FWIW, entries that matched this sample accounted for 13.6% of all rows within the stealer log desk, so this hasn’t made quite a lot of distinction by way of outright quantity.
This takes away quite a lot of confusion relating to the an infection standing of the handle proprietor. As a part of this revision, we have up to date all of the stealer log counts seen on area search dashboards, so in case you’re utilizing that characteristic, you may even see the quantity drop based mostly on the purged information or improve based mostly on the backfilled information. And we’re not sending out any further notifications for backfilled information both; there is a threshold at which comms turns into extra noise than sign and I’ve a robust suspicion that is how it could be acquired if we began sending emails saying “hey, that stealer log breach from ages in the past now has extra information”.

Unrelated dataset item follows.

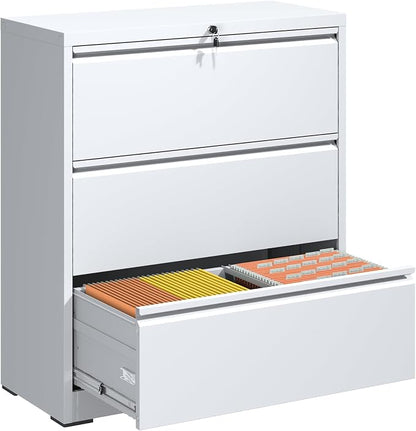 File Cabinets 3 Drawer,Metal Office Storage Filing Cabinet with Lock,White Lateral Filing Cabinet for Home Office,Horizontal Locking File Cabinets for Legal/Letter/A4 Files,Assembly Required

And that is it. We’ll maintain backfilling information, and all the corpus inside HIBP is now cleaner and extra succinct. And we’ll positively clear up all of the UX and web site copy as a part of our impending rebrand to make sure all the things is rather a lot clearer sooner or later.
I will go away you with a little bit of levity associated to subscription prices and worth. As I just lately lamented, resellers could be a nightmare to deal withand we’re significantly contemplating banning them altogether. However sometimes, they inadvertently share greater than they need to, and we get an perception into how the skin world views the service. Like a latest case the place a reseller by chance despatched us the bill they’d meant to ship the client who wished to buy from us, full with a 131% value markup It was an annual Pwned 4 subscription that is meant to be $1,370, and easily to purchase this on that buyer’s behalf after which hand them over to us, the reseller was charging $3,165. They’ll do that as a result of we make the service dust low-cost. How do we all know it is dust low-cost? As a result of one other reseller inadvertently despatched us this inner communication at present:
FWIW, we do have bank cards in Australia, they usually work simply the identical as in every single place else. I nonetheless vehemently dislike resellers, however at the very least our clients are getting a very good deal, particularly after they purchase direct
#Backfilling #Cleansing #Stealer #Logs #Pwned

Azeem Rajpoot, the author behind This Blog, is a passionate tech enthusiast with a keen interest in exploring and sharing insights about the rapidly evolving world of technology.
With a background in Blogging, Azeem Rajpoot brings a unique perspective to the blog, offering in-depth analyses, reviews, and thought-provoking articles. Committed to making technology accessible to all, Azeem strives to deliver content that not only keeps readers informed about the latest trends but also sparks curiosity and discussions.
Follow Azeem on this exciting tech journey to stay updated and inspired.